From: Jerome Glisse <j.glisse@gmail.com>
To: Mark Hairgrove <mhairgrove@nvidia.com>
Cc: "akpm@linux-foundation.org" <akpm@linux-foundation.org>,
"linux-kernel@vger.kernel.org" <linux-kernel@vger.kernel.org>,
"linux-mm@kvack.org" <linux-mm@kvack.org>,
"Linus Torvalds" <torvalds@linux-foundation.org>,
"joro@8bytes.org" <joro@8bytes.org>,
"Mel Gorman" <mgorman@suse.de>, "H. Peter Anvin" <hpa@zytor.com>,
"Peter Zijlstra" <peterz@infradead.org>,
"Andrea Arcangeli" <aarcange@redhat.com>,
"Johannes Weiner" <jweiner@redhat.com>,
"Larry Woodman" <lwoodman@redhat.com>,
"Rik van Riel" <riel@redhat.com>,
"Dave Airlie" <airlied@redhat.com>,
"Brendan Conoboy" <blc@redhat.com>,
"Joe Donohue" <jdonohue@redhat.com>,
"Duncan Poole" <dpoole@nvidia.com>,
"Sherry Cheung" <SCheung@nvidia.com>,
"Subhash Gutti" <sgutti@nvidia.com>,
"John Hubbard" <jhubbard@nvidia.com>,
"Lucien Dunning" <ldunning@nvidia.com>,
"Cameron Buschardt" <cabuschardt@nvidia.com>,
"Arvind Gopalakrishnan" <arvindg@nvidia.com>,
"Haggai Eran" <haggaie@mellanox.com>,
"Shachar Raindel" <raindel@mellanox.com>,
"Liran Liss" <liranl@mellanox.com>,
"Roland Dreier" <roland@purestorage.com>,
"Ben Sander" <ben.sander@amd.com>,
"Greg Stoner" <Greg.Stoner@amd.com>,
"John Bridgman" <John.Bridgman@amd.com>,
"Michael Mantor" <Michael.Mantor@amd.com>,
"Paul Blinzer" <Paul.Blinzer@amd.com>,
"Laurent Morichetti" <Laurent.Morichetti@amd.com>,
"Alexander Deucher" <Alexander.Deucher@amd.com>,
"Oded Gabbay" <Oded.Gabbay@amd.com>,
"Jérôme Glisse" <jglisse@redhat.com>,
"Jatin Kumar" <jakumar@nvidia.com>
Subject: Re: [PATCH 06/36] HMM: add HMM page table v2.

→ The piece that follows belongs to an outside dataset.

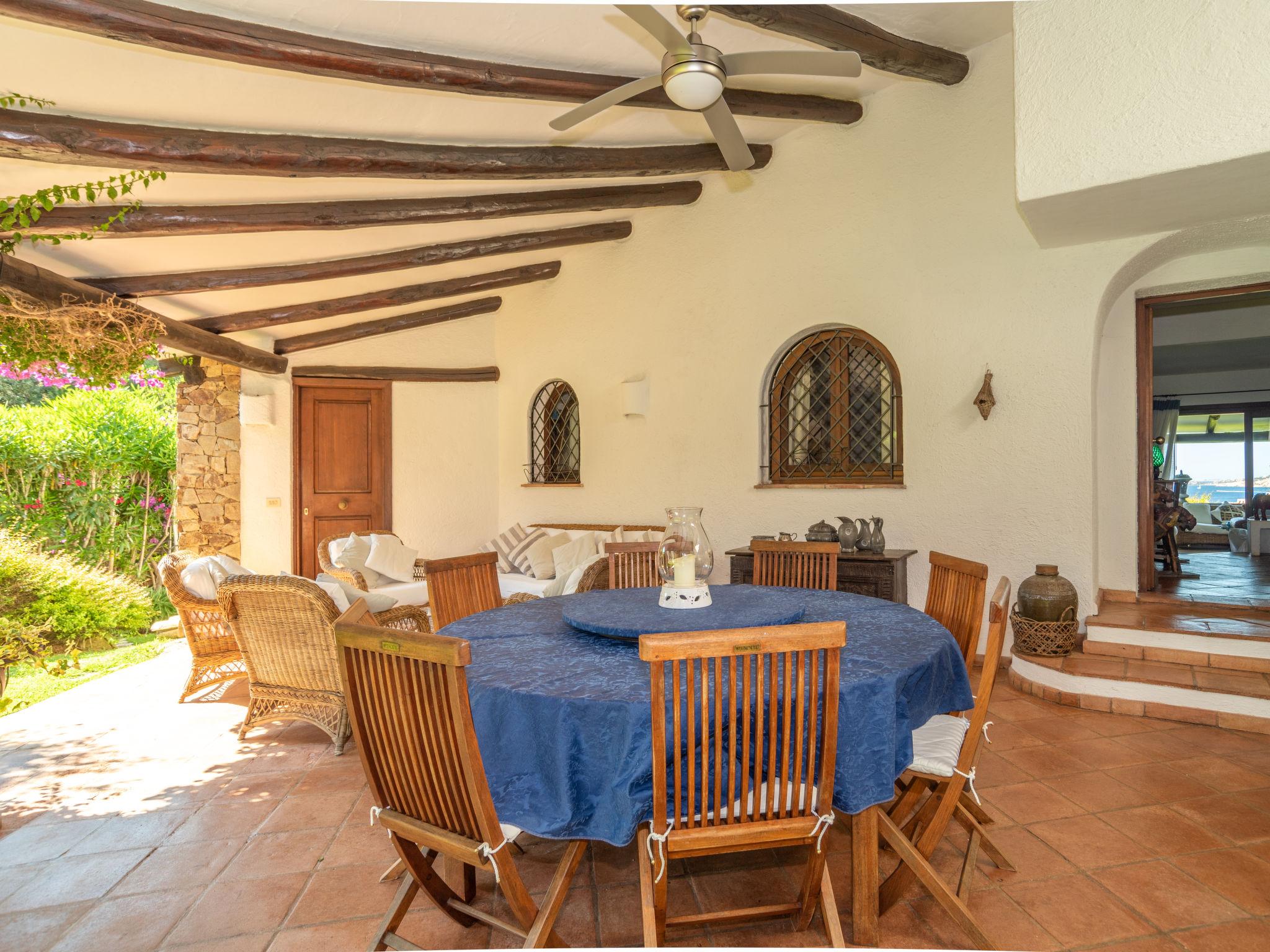 Photo 24 - Maison de 5 chambres à Palau avec piscine privée et vues à la mer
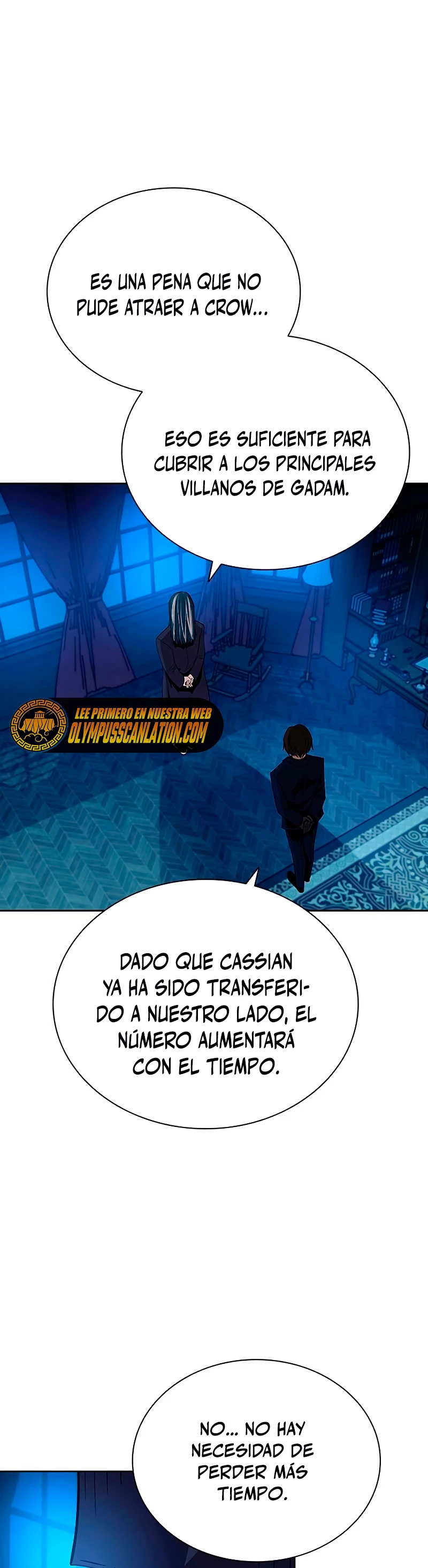 Villano antihéroe > Capitulo 81 > Page 441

Date: Mon, 29 Jun 2015 10:43:06 -0400 [thread overview]
Message-ID: <20150629144305.GA2173@gmail.com> (raw)
In-Reply-To: <alpine.DEB.2.00.1506261827090.20890@mdh-linux64-2.nvidia.com>
On Fri, Jun 26, 2015 at 06:34:16PM -0700, Mark Hairgrove wrote:
>
>
> On Fri, 26 Jun 2015, Jerome Glisse wrote:
>
> > On Thu, Jun 25, 2015 at 03:57:29PM -0700, Mark Hairgrove wrote:
> > > On Thu, 21 May 2015, j.glisse@gmail.com wrote:
> > > > From: Jerome Glisse <jglisse@redhat.com>
> > > > [...]
> > > > +
> > > > +void hmm_pt_iter_init(struct hmm_pt_iter *iter);
> > > > +void hmm_pt_iter_fini(struct hmm_pt_iter *iter, struct hmm_pt *pt);
> > > > +unsigned long hmm_pt_iter_next(struct hmm_pt_iter *iter,
> > > > + struct hmm_pt *pt,
> > > > + unsigned long addr,
> > > > + unsigned long end);
> > > > +dma_addr_t *hmm_pt_iter_update(struct hmm_pt_iter *iter,
> > > > + struct hmm_pt *pt,
> > > > + unsigned long addr);
> > > > +dma_addr_t *hmm_pt_iter_fault(struct hmm_pt_iter *iter,
> > > > + struct hmm_pt *pt,
> > > > + unsigned long addr);
> > >
> > > I've got a few more thoughts on hmm_pt_iter after looking at some of the
> > > later patches. I think I've convinced myself that this patch functionally
> > > works as-is, but I've got some suggestions and questions about the design.
> > >
> > > Right now there are these three major functions:
> > >
> > > 1) hmm_pt_iter_update(addr)
> > > - Returns the hmm_pte * for addr, or NULL if none exists.
> > >
> > > 2) hmm_pt_iter_fault(addr)
> > > - Returns the hmm_pte * for addr, allocating a new one if none exists.
> > >
> > > 3) hmm_pt_iter_next(addr, end)
> > > - Returns the next possibly-valid address. The caller must use
> > > hmm_pt_iter_update to check if there really is an hmm_pte there.
> > >
> > > In my view, there are two sources of confusion here:
> > > - Naming. "update" shares a name with the HMM mirror callback, and it also
> > > implies that the page tables are "updated" as a result of the call.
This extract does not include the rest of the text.